DURHAM, N.C. (WNCN) — Ever since he was a young kid growing up in Milwaukee, John Tallmadge has chosen an alternative to commuting by car.
“Whenever I can, I’m getting there by bike,” Tallmadge said.
Now a leader of the nonprofit Bike Durham, he wants others to join him without having to fear for their safety on city streets.
Last week, the Durham City Council voted to add more bike lane protection on local roads.
“It’s not until you create these protected areas that are separated from the travel lanes when you’ll get people of all ages and various abilities out biking,” Tallmadge said. “That’s the direction we want to go.”
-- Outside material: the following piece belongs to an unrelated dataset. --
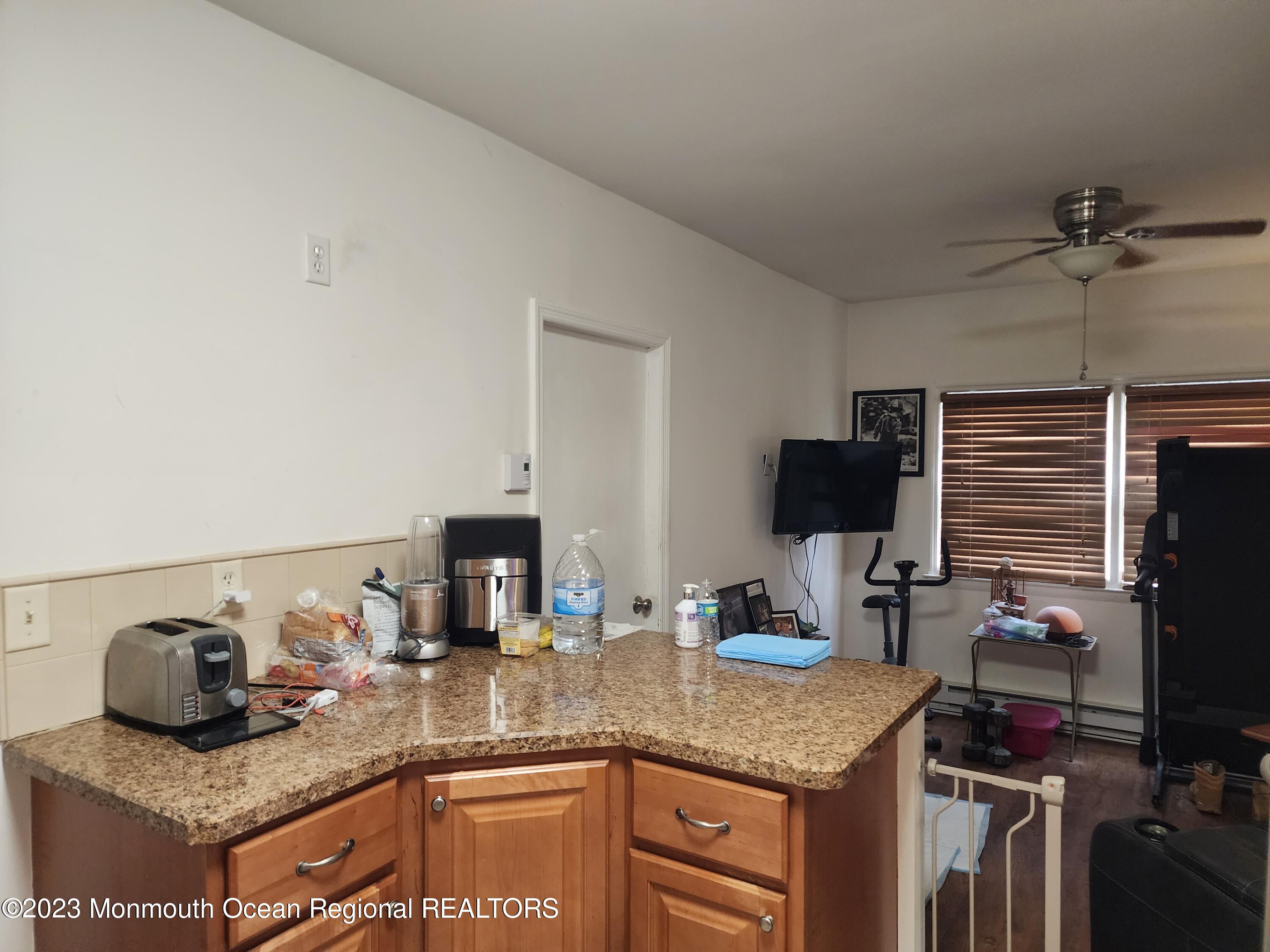35 Hartford Road Whiting, NJ 08759 - Photo 31 of 47 a kitchen with stainless steel appliances granite countertop a sink and a stove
The nearly $200,000 project is funded mostly by federal dollars. It’ll add flexible posts to existing buffers between vehicle and bike lanes. They’ll pop up on long stretches of South Roxboro Street and Durham-Chapel Hill Boulevard.
“Those can be fine where the traffic speeds are maybe 35 miles an hour,” Tallmadge said. “As the traffic gets up higher than that, you need more protection.”
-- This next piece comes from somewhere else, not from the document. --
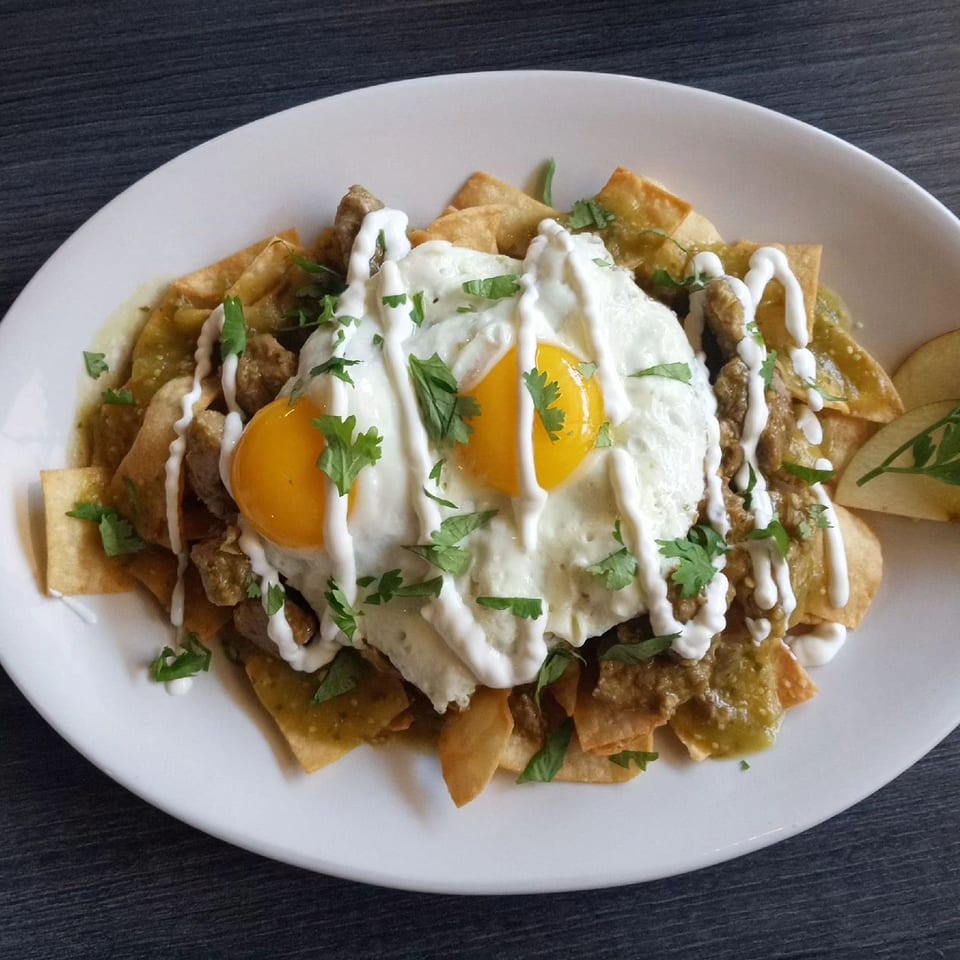 Chilaquiles with green salsa, two fried eggs, sour cream, and cilantro on a white plate.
Tyler Kober, the owner of Bullseye Bicycle, said there are concerns about recent injuries on city roads.
Though it happened in Orange County, Durham’s budget director was killed on his bicycle just last month.
“The more people hear that, the more people are scared to be out on the streets on their bikes,” Kober said.
Durham’s transportation department expects construction to start in spring 2024 with completion later that summer.
“[It’s] hopefully a sign of bigger things to come, having an actual separated roadway for cyclists,” Kober said.
The North Carolina Department of Transportation recommends that bicycle infrastructure includes “physical separation from vehicle lanes when traffic volumes and speeds reach levels that make bicycling in the adjacent lane unsafe and uncomfortable.”
“Before we can begin construction, we need to complete design work and obtain permit approvals from NCDOT,” Durham Assistant Director of Transportation Bill Judge said.